FORT WORTH — After three hours, 285 words and 29 rounds, Liz Adetiba emerged Tuesday as the winner of the Star-Telegram’s Regional Spelling Bee after successfully spelling impetigo.

“Oh my gosh!” she said, jumping when the caller announced that she was champion.

Adetiba, 14, an eighth-grader at James Coble Middle School in the Mansfield district, beat out 30 other area competitors by correctly spelling words like sorghum, estuary, expectorant, tillage, reticulated and alexia. In addition to $200 and a first-place trophy, Adetiba won an expense-paid trip to the Scripps National Spelling Bee in Washington, D.C., where she will compete in May.

“I’m so happy,” said Adetiba, who also made it to nationals in 2006, when she lived in Wichita Falls. “This has been one of the greatest days of my life.”

And a nerve-racking one for her mother, who could hardly watch from the audience.
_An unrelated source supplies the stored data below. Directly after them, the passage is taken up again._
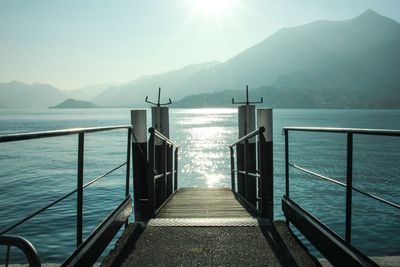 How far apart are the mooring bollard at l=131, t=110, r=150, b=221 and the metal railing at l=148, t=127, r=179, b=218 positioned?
12 cm

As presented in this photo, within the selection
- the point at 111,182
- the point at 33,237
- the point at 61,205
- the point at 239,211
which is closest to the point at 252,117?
the point at 239,211

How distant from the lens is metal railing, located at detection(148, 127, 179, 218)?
569 centimetres

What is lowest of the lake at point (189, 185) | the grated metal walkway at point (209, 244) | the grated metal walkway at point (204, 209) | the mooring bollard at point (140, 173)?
the lake at point (189, 185)

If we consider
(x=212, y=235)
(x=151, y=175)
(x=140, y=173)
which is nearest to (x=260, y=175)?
(x=212, y=235)

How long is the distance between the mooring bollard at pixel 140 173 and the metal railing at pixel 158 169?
118 mm

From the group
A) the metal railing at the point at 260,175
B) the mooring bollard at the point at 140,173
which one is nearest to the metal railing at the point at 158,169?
the mooring bollard at the point at 140,173

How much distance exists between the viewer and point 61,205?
51.4 feet

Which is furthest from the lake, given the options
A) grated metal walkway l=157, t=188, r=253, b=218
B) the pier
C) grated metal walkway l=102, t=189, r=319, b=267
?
grated metal walkway l=102, t=189, r=319, b=267

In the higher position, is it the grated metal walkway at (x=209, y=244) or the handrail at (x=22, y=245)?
the handrail at (x=22, y=245)

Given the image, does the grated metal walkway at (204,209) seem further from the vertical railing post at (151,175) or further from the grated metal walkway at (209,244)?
the grated metal walkway at (209,244)

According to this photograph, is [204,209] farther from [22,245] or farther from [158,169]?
[22,245]

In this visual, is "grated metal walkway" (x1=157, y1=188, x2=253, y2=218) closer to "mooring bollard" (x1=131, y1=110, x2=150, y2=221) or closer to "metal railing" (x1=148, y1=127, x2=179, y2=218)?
"metal railing" (x1=148, y1=127, x2=179, y2=218)

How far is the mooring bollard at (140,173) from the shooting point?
5.73 metres

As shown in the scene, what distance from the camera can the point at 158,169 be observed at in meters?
10.2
“I don’t know where she got it from — I am not a good speller,” Bola Adetiba said, laughing. “I am so proud of her.”

The three-judge panel said there were exceptional spellers in this year’s competition, in the Round Up Inn of the Will Rogers Memorial Center. Last year’s champ, Hannah Chi, is too old to participate, but her younger brother, Joseph, made it to the ninth round, when kuchen got the best of him.

“They were very well-prepared,” said Linda Lee, who has been judging the spelling bee for about 15 years. “It has never gone this many rounds.”

Thirty-one students started the competition and, by round 16, six were still left. Two rounds later, the field had been whittled down to three: Adetiba; Amy Nguyen, 13, an eighth-grader from William James Middle School in Fort Worth; and Ben Benjadol, 7, a second grader from Wilshire Elementary School in Euless.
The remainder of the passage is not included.